Well, that idea was blown out of the water as he buzzed incredibly early to identify laughing as the linking theme between several names. Voltaire, who surprisingly didn’t invent the battery, brought them 2 bonuses. I would imagine that Jason Golfinos, like me, got the next starter from knowing that the Indonesian part of Borneo is Kalimantan, which starts with KAL – and thus he took his second. The latin word quo provided them with a further two bonuses. Look, I didn’t even understand the question for the next starter, let alone Jason Golfinos’ answer The Reimann Zeta Function, but for once he was wrong. Despite that though Manchester had already lost 5 points on that one for an early buzz. Inevitably, Jason Golfinos knew that Lucretius had written a full length explanation of epicurean philosophy – well, it was either that or mowing the lawn, I guess – to earn a set on Physics, which brought Darwin a full set. The picture starter showed a map showing the distribution of a single species of Felidae – big cat. Judging by the copious amounts of mid and southern Africa, and the sporadic pockets in Asia covered I guessed leopard – when I was in school the Asian lion was confined to just the Forest of Gir, and for all I know they might even all be gone now - and was right.

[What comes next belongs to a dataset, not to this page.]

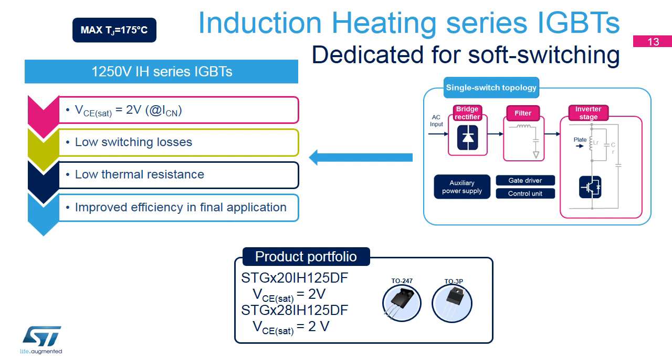The 1250-volt IH series is tailored to ensure the best performance in induction heating applications using a single-switch topology, such as rice cookers and inverter microwave ovens, for a power range up to 2.5 kilowatts. This series has a saturation voltage equal to 2 volts, low thermal resistance, and is available with two current ratings — 20 and 30 amps in TO247 and TO3P packages.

Alex Antao tried civet, and Chris Davis Caracal and were wrong. Something about Newtons and hydraulic pressure saw Stuart Macpherson lose 5, and Manchester fail to capitalise. I’ll be honest, I didn’t get the kit kat club for the next starter any more than either of the teams did. Jason Golfinos stopped the rot, and supplied the term superfluous man for the next starter. If I was being exceptionally mean I could say that this term could be applied to any of his three teammates – joking, joking, sorry, couldn’t resist it. (the joke would be proven to be untrue later in the match.) This brought the map bonuses at last, more of the same, and a further ten points were added to Darwin’s score. Thus they led 80 points to minus 5 at the ten minute mark, and Manchester were staring at the barrel of a gun.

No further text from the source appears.